Directions for this task: Take the line containing "Used 2020 Kia Forte LXS FWD image 28" and every line after it to the end of the records, and copy them exactly, excluding pictures.

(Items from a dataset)
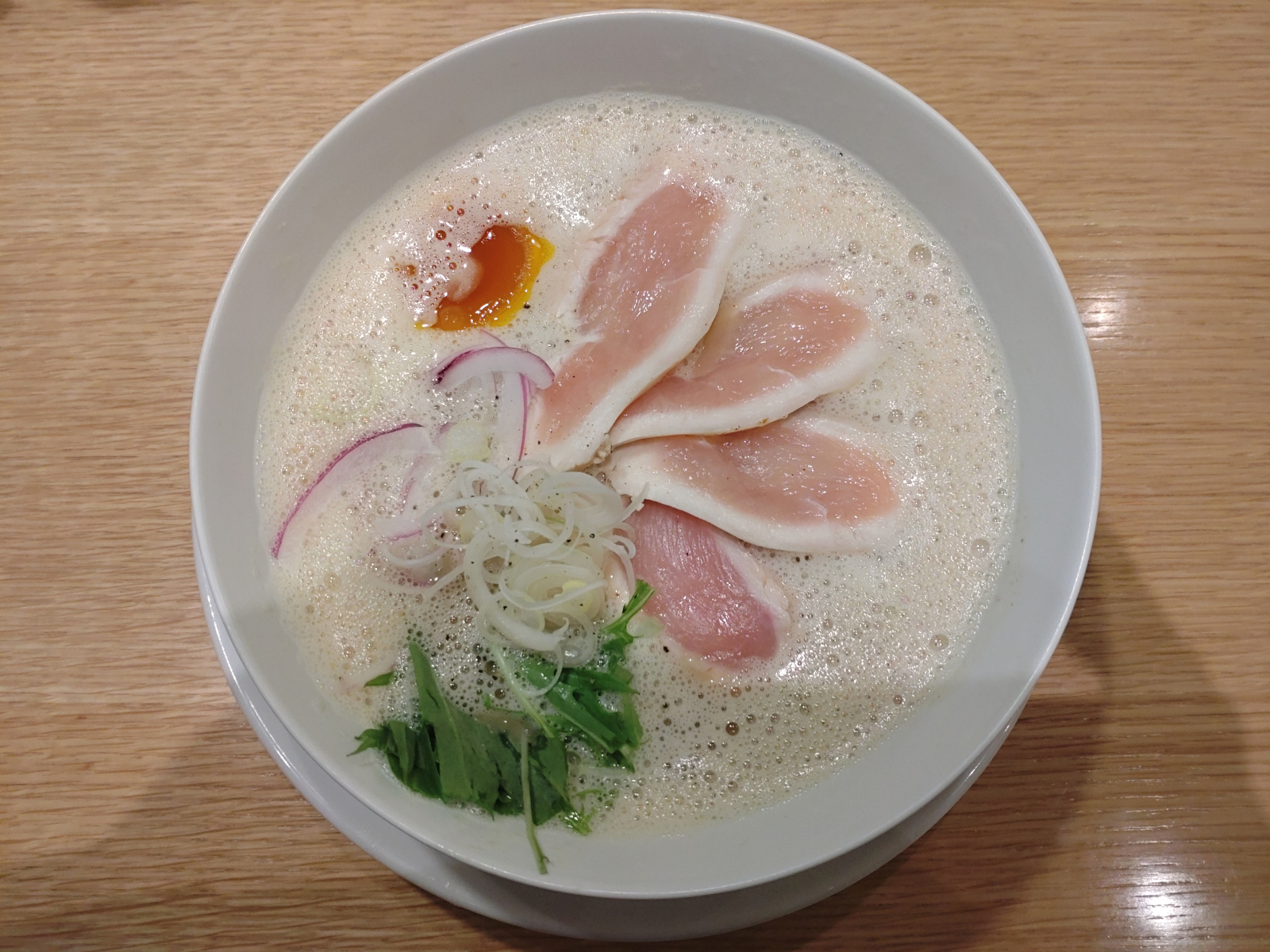 鶏白湯ラーメン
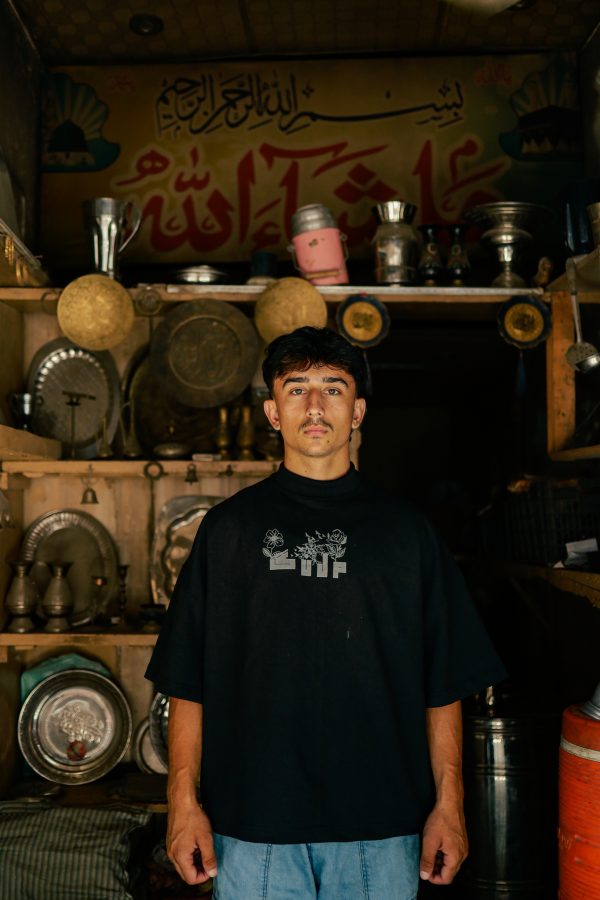 TAZAH KHABAR — Unisex Oversized T-Shirt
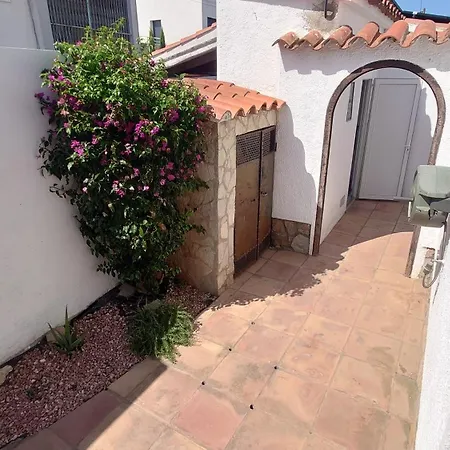 Vila On Main Canal With 13 M Private Mooring, Private Pool, Air Con In Rooms, Non-smoking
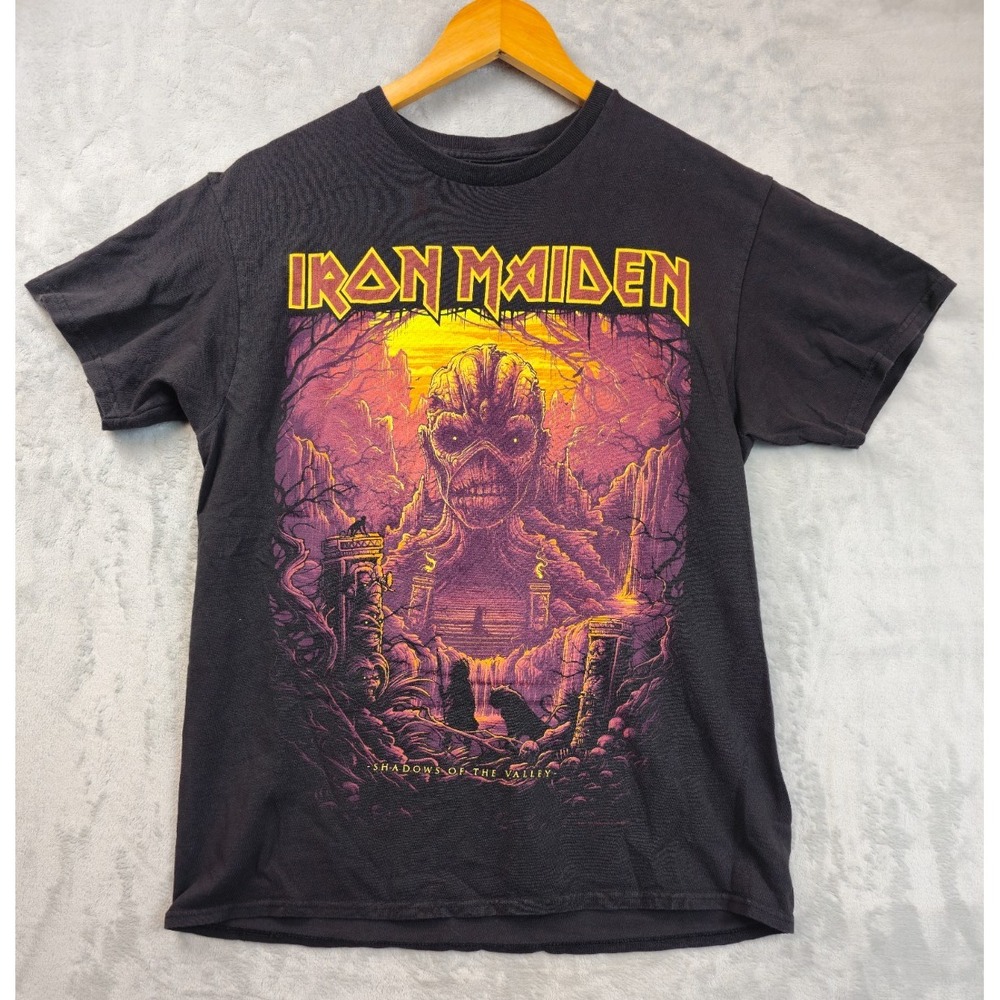 Iron Maiden Medium the Book of Souls World Tour 2017 Shadows Of The Valley Shirt
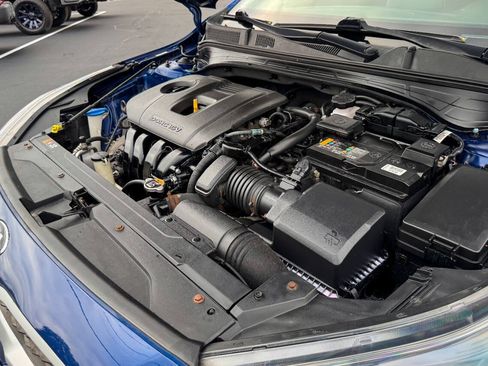 Used 2020 Kia Forte LXS FWD image 28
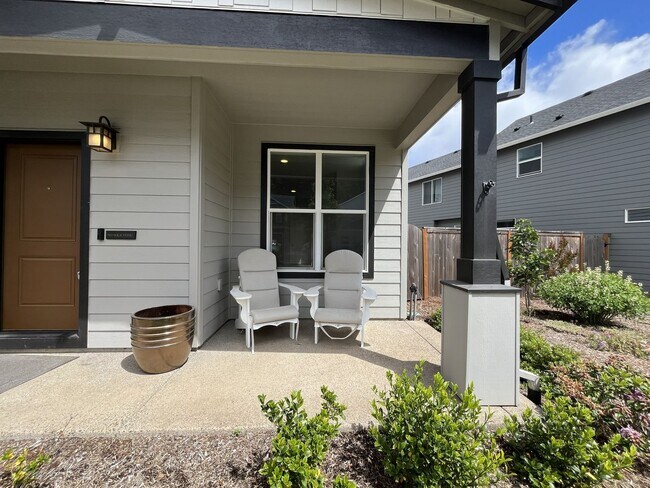 Foto del edificio - Spacious Modern Home with Open-Concept Living, Elegant Interior Features & Attached Garage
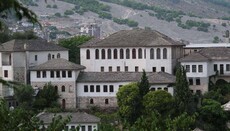 В Албанії закрили церковний ліцей, заснований Архієпископом Анастасієм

Response to the exercise:
 Used 2020 Kia Forte LXS FWD image 28
 Foto del edificio - Spacious Modern Home with Open-Concept Living, Elegant Interior Features & Attached Garage
 В Албанії закрили церковний ліцей, заснований Архієпископом Анастасієм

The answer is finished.